_WHAT NEEDS TO BE DONE:_
Pull out the lines from the one containing "Casă cu 3 camere în Micfalău" through the final line of the listing below and repeat them exactly. Leave the pictures behind.

_SOURCE DATA:_
※

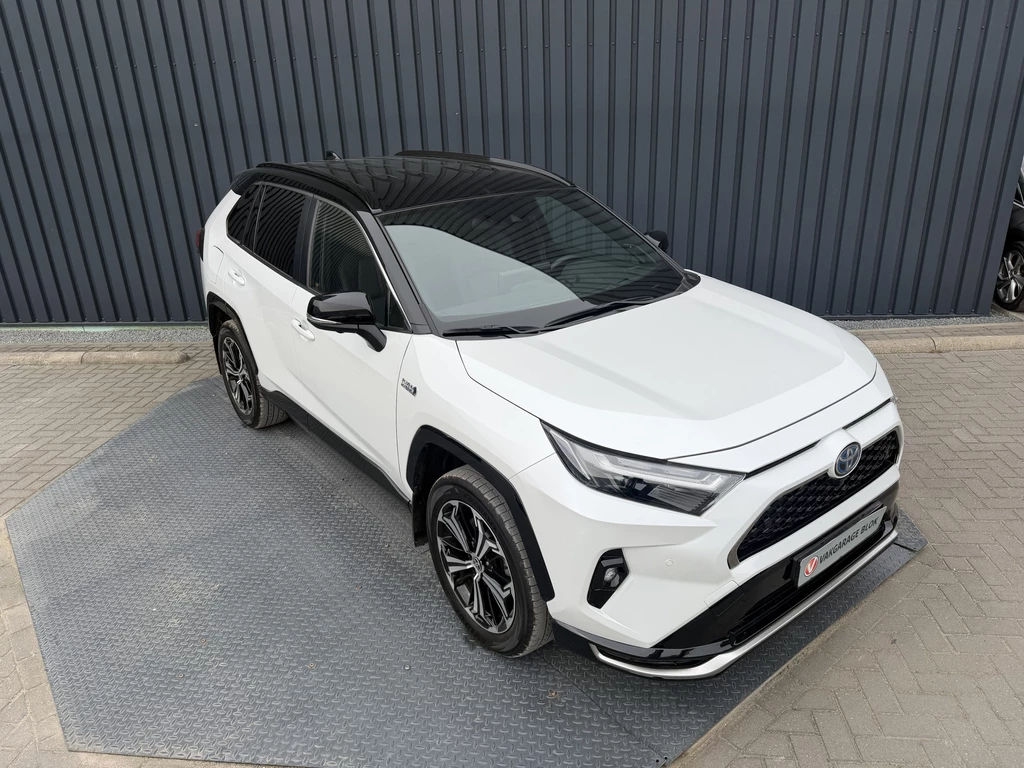 Toyota RAV4 – foto 11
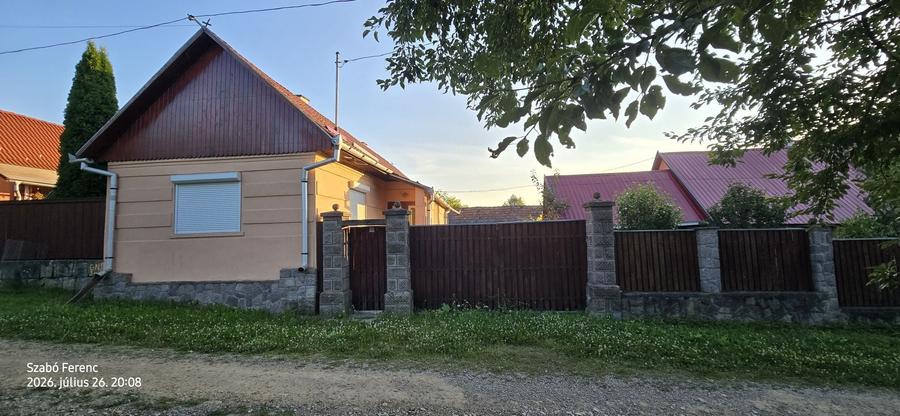 Casă cu 3 camere în Micfalău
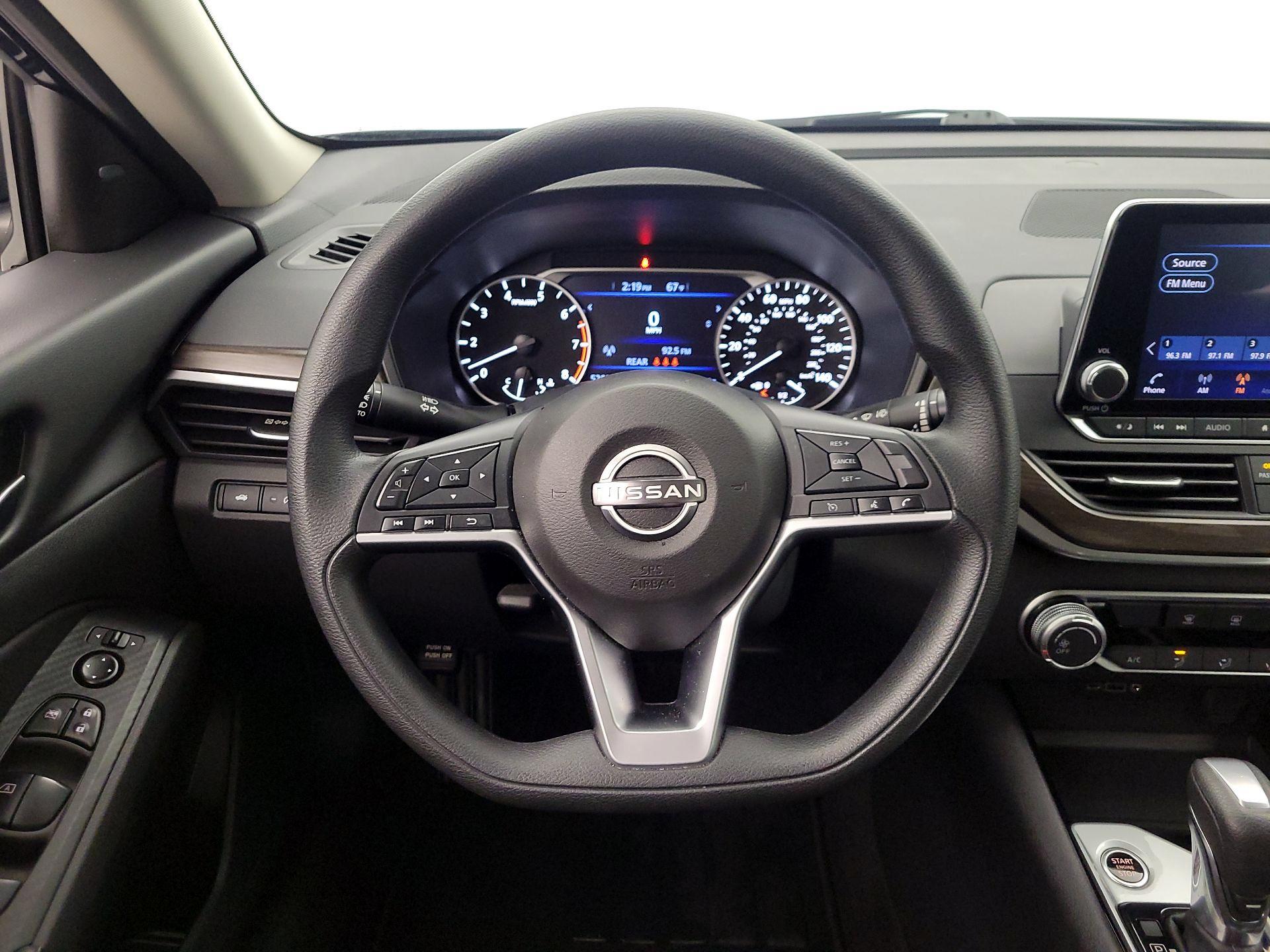 Thumbnail: 2024 Nissan Altima - 10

※

_SOLUTION:_
 Casă cu 3 camere în Micfalău
 Thumbnail: 2024 Nissan Altima - 10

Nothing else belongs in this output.